> [Exercise objective]:
Reproduce exactly the lines from the one containing "Регулирующая пластина Makita 1911B" through the end of the listing, minus the pictures.

※ ※ ※

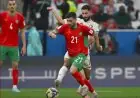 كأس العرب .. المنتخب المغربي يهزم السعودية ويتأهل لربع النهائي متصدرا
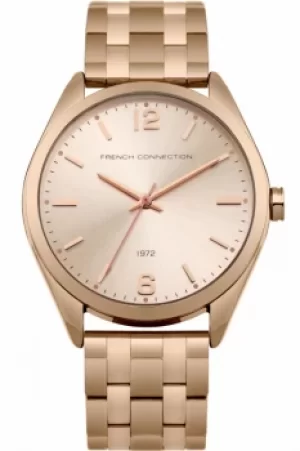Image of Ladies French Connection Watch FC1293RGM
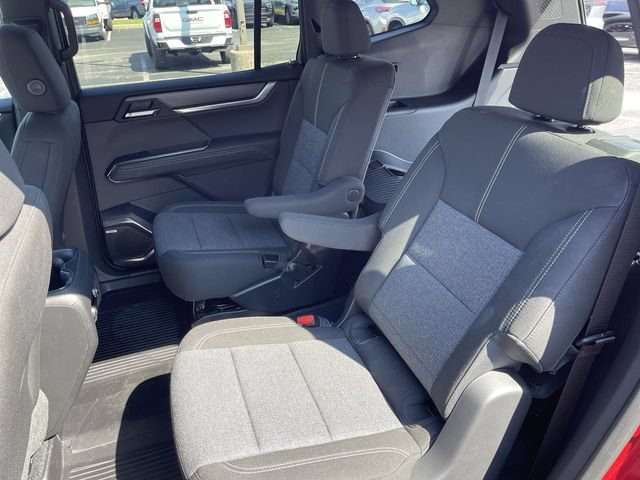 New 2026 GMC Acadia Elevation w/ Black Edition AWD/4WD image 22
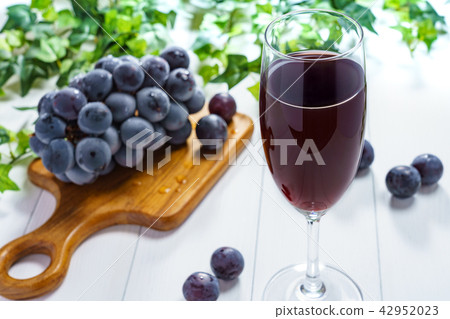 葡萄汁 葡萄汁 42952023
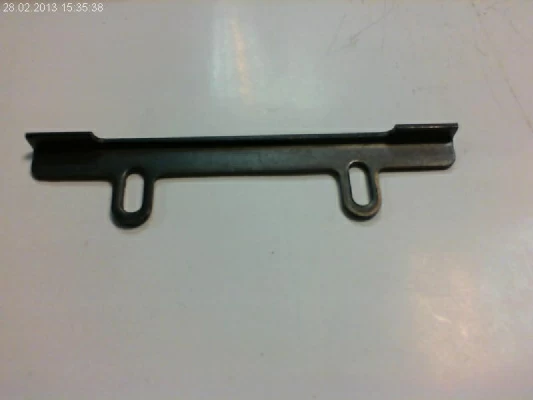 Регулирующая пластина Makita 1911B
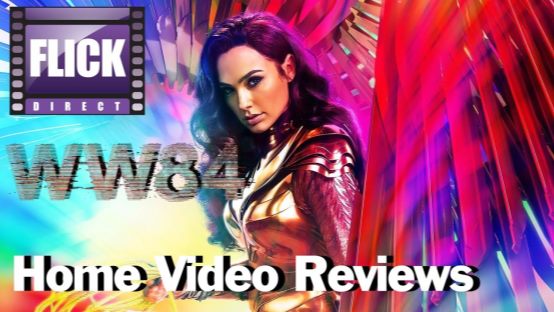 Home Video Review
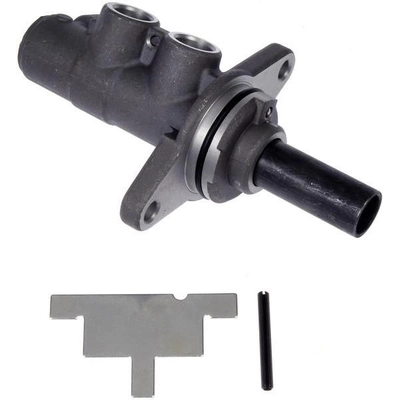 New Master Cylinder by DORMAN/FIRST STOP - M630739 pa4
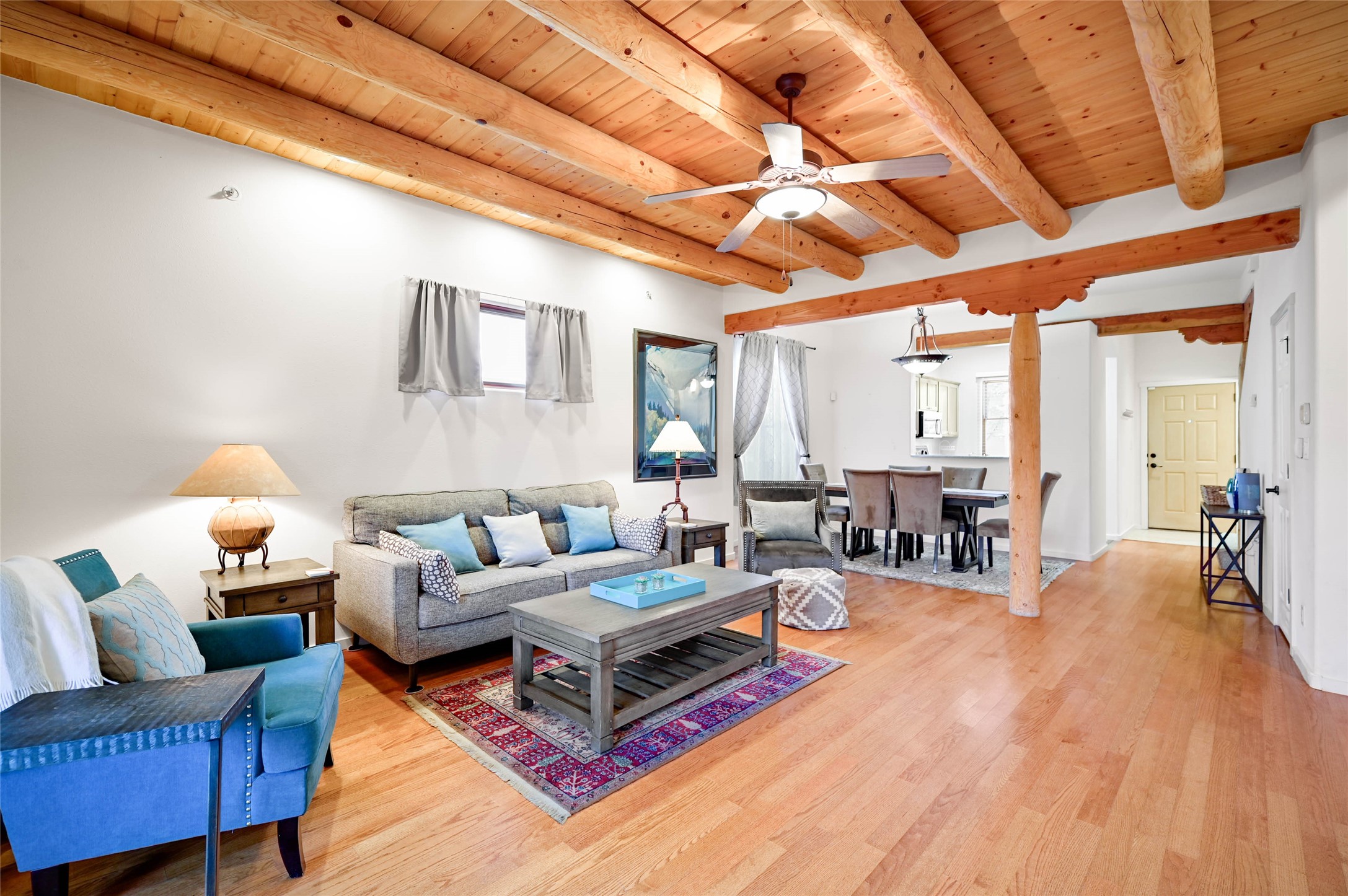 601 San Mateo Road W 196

※ ※ ※

> [Solution below]:
 Регулирующая пластина Makita 1911B
 Home Video Review
 New Master Cylinder by DORMAN/FIRST STOP - M630739 pa4
 601 San Mateo Road W 196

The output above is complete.